Wednesday, March 18, 2009

Transition

I hate that life is as shitty as the person feeling the shittiest in the world right now, because no matter how much we lord over someone else's shit and step on their toes to get higher, we are only as good as the worst person on this world. And we just try to hide it.

In light of this pathetic situation, genuine sympathy and care for the next person works much better than beating them down. Realising that we are as faulted and as flawed as the next person makes the world just a little less harsh.

I love my job.

Sunday, March 15, 2009

ARGH

Some people continue to annoy me. I would love to eradicate them from my life etc etc but it's simply not going to happen. FACADES and PRETENCE are words with such hidden spite and venom. EW, I really am finding this a gross thorn in my bed of roses. Well, C'est La Vie, something has to give.

Saturday, March 14, 2009

Yuck, world. Yuck.

I'm so over you, world.
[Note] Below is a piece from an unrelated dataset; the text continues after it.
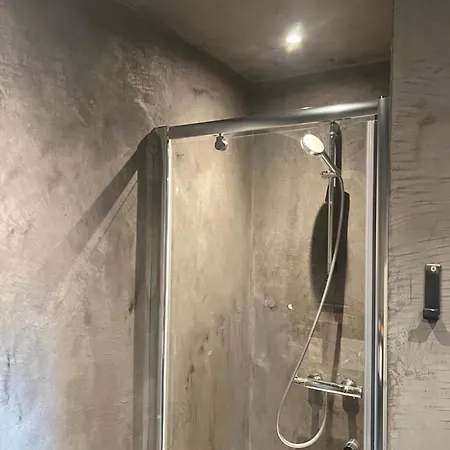 Le Refuge De Villeroux *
I'm taking everything I love and making a new inroad in life.
Get out of my face world,
you're in my way.

Monday, March 02, 2009

The trauma of reality.

No matter how many times reality hits you in the face, it's sting and it's ugly foul breath does not cease to displease. Sometimes, reality doesn't even deal with the things that belong to you or are vaguely connected to you. Sometimes it is the drowning feeling of having a dark revelation of the real world. I am not good at that. My game and main business as a child was to cut out a little bit of good from the world and make it my world, with nothing else in it. With this encapsulation, I survived a good number of years. I don't know whether I am growing too large and there is no longer enough pretty sunshine in one spot to make a good cubby hole, or if the world is just getting more putrid by the hour. It makes me retract and I run a good search to look for the things that take me back in time to the good old. I am losing those too. I think it must be some penalty I am paying for growing up and I hate it so much. Dennis is a precious man because he is staunch in the face of impending reality (read doom) and is such a genuine optimist that I cannot help but believe too.

I felt nearly sick when I had finished the trio of Louis Theroux's documentaries. I was not impressed with his personality although I admit he was able to convey reality with pixels very well. The idea of human degradation, however consensual, is completely disgusting.